My Database (PRODDB) currently has 30 days of backups, which is right in the middle. 



 What would normally happen for this database is (given enough space), backups will continue to be kept until PRODDB has 40 days of backups.  On day 41, a maintenance job (which runs daily) will execute, and find that my database, PRODDB, has exceeded it's Recovery Window Goal.  This job will remove all backups (in a batch process for efficiency) that are older than 20 days.

BUT ........................

Today, I moved my database, PRODDB, to a new protection policy (Silver) which only has a 10 day Recovery Window Goal, and a Max Recovery Window of 20 Days.


As I pointed out, the characteristics of the NEW Protection Policy will be used, and the next time the daily purge occurs, this database will be flagged, and all backups greater than the Recovery Window Goal will be purged.





Retiring databases: - 

One very common question how to handle the retiring of database.  As you might know, when you remove a database from the ZDLRA, ALL backups are removed from ZDLRA.
When a database is no longer sending backups to the ZDLRA,  the backups will continue to be purged until only a single level 0 backup remains.  This is to ensure that at least one backup is kept, regardless of the Max Recovery Window.
The best way to deal with Retiring database (and still keep the last Level 0 backup) through the use of Protection Policies.
In my example for my database PRODDB, I am going to retire the database instead of moving it to the Silver policy.  My companies standard is to  keep the final backup for my database available for 90 days, and on day 91 all backups can be removed.

These are requirements from the above information.
  • At least 1 backup is kept for 90 days, even though my Max Recovery Window was 40 days.
  • I want to know when my database has been retired for 90 days so I can remove it from the ZDLRA.
In order to accomplish both of these items, I am going to create a Protection Policy named RETIRED_DB with the following attributes
  • Recovery Window Goal of 2 days
  • Max Recovery Window of 3 Days
  • Unprotected Data Window of 90 days
  • New Alert in OEM to tell me when a database in this policy violates its Unprotected Data Window
If you look closely at the attributes, you will noticed that I decreased the Recovery Window Goal to allow backups to be removed after 3 days.  I also set the Unprotected Data Window to be 90 days.
What this looks like over  time is 




As you can see by moving it to the new policy, within a few days, all backups except for the most recent Full back is removed.  You can also see that on day 91 (when it's time to remove this database) I will be getting an alert.

Migrating Databases:

Migrating databases is very similar to retiring databases, except that I don't want remove the old backups until they naturally expire.  For my example of PRODB with a Recovery Window Goal of 20 days, as soon as I have a new Level 0 on the new ZDLRA, I will move this database to a new policy (GOLD_MIGRATED) with the following attributes.
  • Recovery Window Goal of 20 days, since I still need to preserve old backups
  • Max Recovery Window goal of 21 days.
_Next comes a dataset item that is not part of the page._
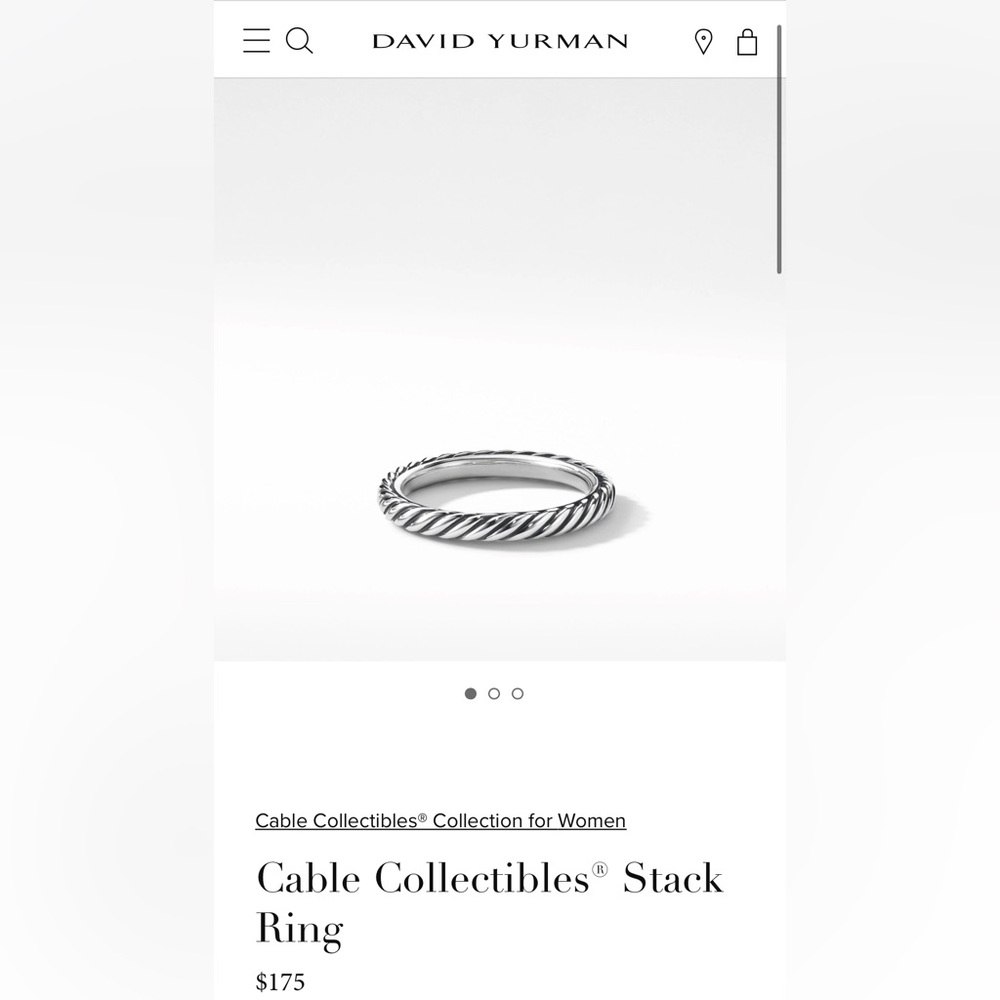 David Yurman Cable Stack Ring Sterling Silver 925 Size 6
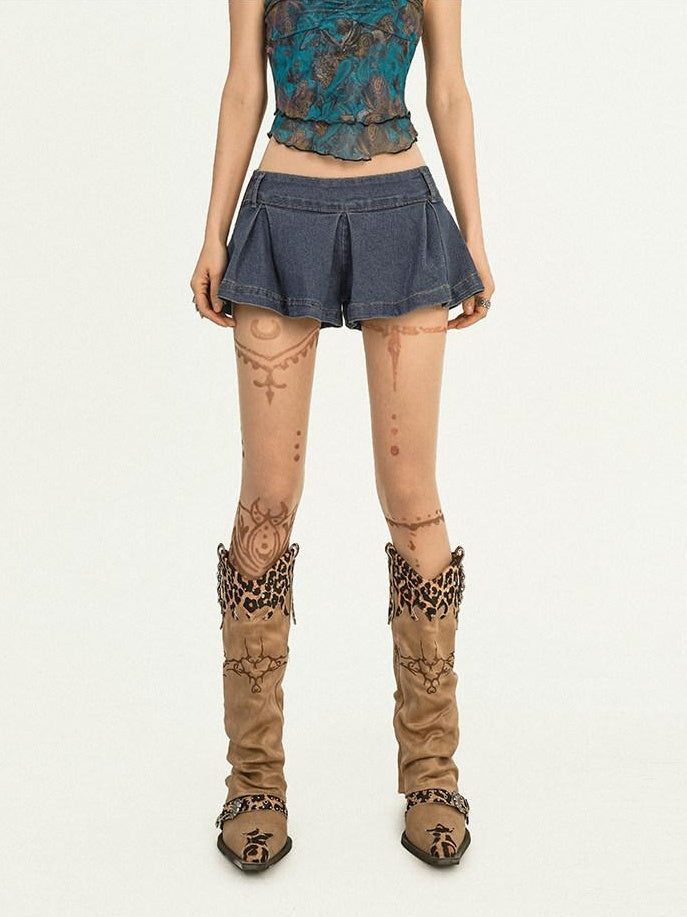 Nico Molly Flattering Low Waist Pleated A Line Slim Fit Solid Dark Blue Youth Mini Skirts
This will  remove the old backups as they age off.
  • Unprotected Data Window of 21 days, which will alert me that it time to remove this database.
How this would look over time time is.




Conclusion:

When retiring or migrating databases, Protection Policies can be leveraged to both
  • Ensure backups are removed as they age out until only a single L0 (Full) remains
  • Alert you when it is time to remove the database from the ZDLRA.